Social Media Do’s and Don'ts
Whether you’re using social media for business or personal connectivity, there is a right and wrong way to do things. And in a culture where social media has become a top influencer and communication vehicle, it’s important to constantly hone your best practices. Here are some helpful do’s and don’ts to keep in mind before your next post:
Do keep things entertaining. Everyone is inundated with information on social media, so try to make your posts fun or interesting. For example, instead of just posting a photo of your child, make it a photo at a unique location or with an interesting background. Or capture your child doing something funny or creative.
Don’t get overly political. Or if you choose to, be aware that while half your friends and followers may like what you have to say, half will not. So consider the end goal of your social media efforts before you use the medium as a means for voicing political opinions.

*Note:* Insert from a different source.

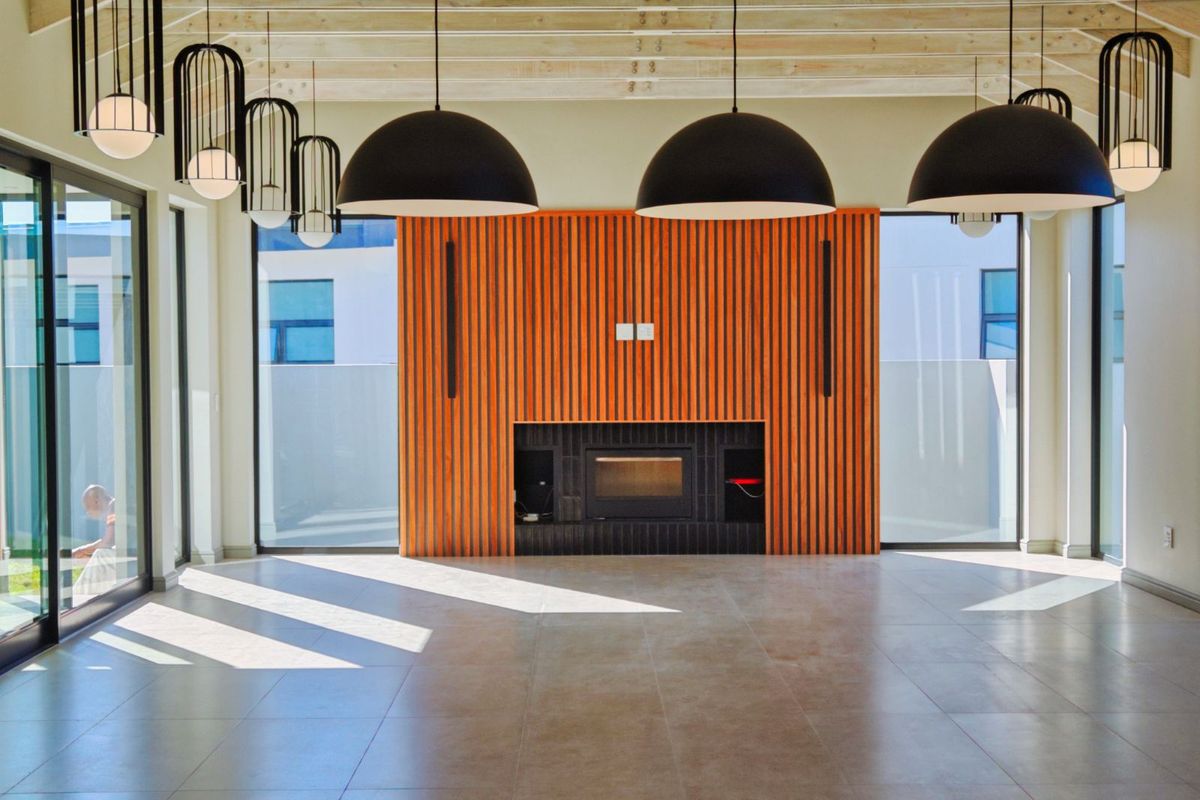 Spacious living area featuring a modern fireplace with timber slat feature wall, large glass sliding doors, and contemporary pendant lighting.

Do engage. Don’t just be a voyeur on social media - like and respond to others’ posts, and engage with those who respond to your posts. Remember, it’s all about connectivity.
Don’t react. Before you post, think. As we’ve learned from the national news, once you put something out on social media, it’s out there for good - even if you try to retract it. So even though you might be tempted to use social to vent, please don’t!

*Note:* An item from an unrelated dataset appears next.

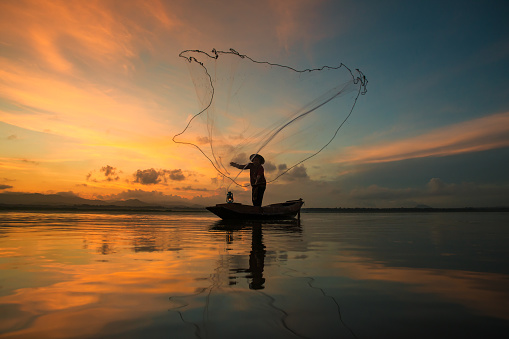 Fisherman fishing at lake in Morning, Thailand.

Do mix things up. While you may be using social media for a particular purpose - maybe to promote your new book or to show off your new grandchild - make sure that’s not the only thing you’re posting about. Keep a healthy mix of content that shares the large and small moments of your life to really connect well with friends and followers.
Don’t overshare. Remember that social media sites can be a prime hunting ground for identity thieves. Consider removing your birthdate and hometown from your personal information, and make your profile picture something other than a face-forward headshot - an action shot or a group shot makes it difficult to replicate your identity.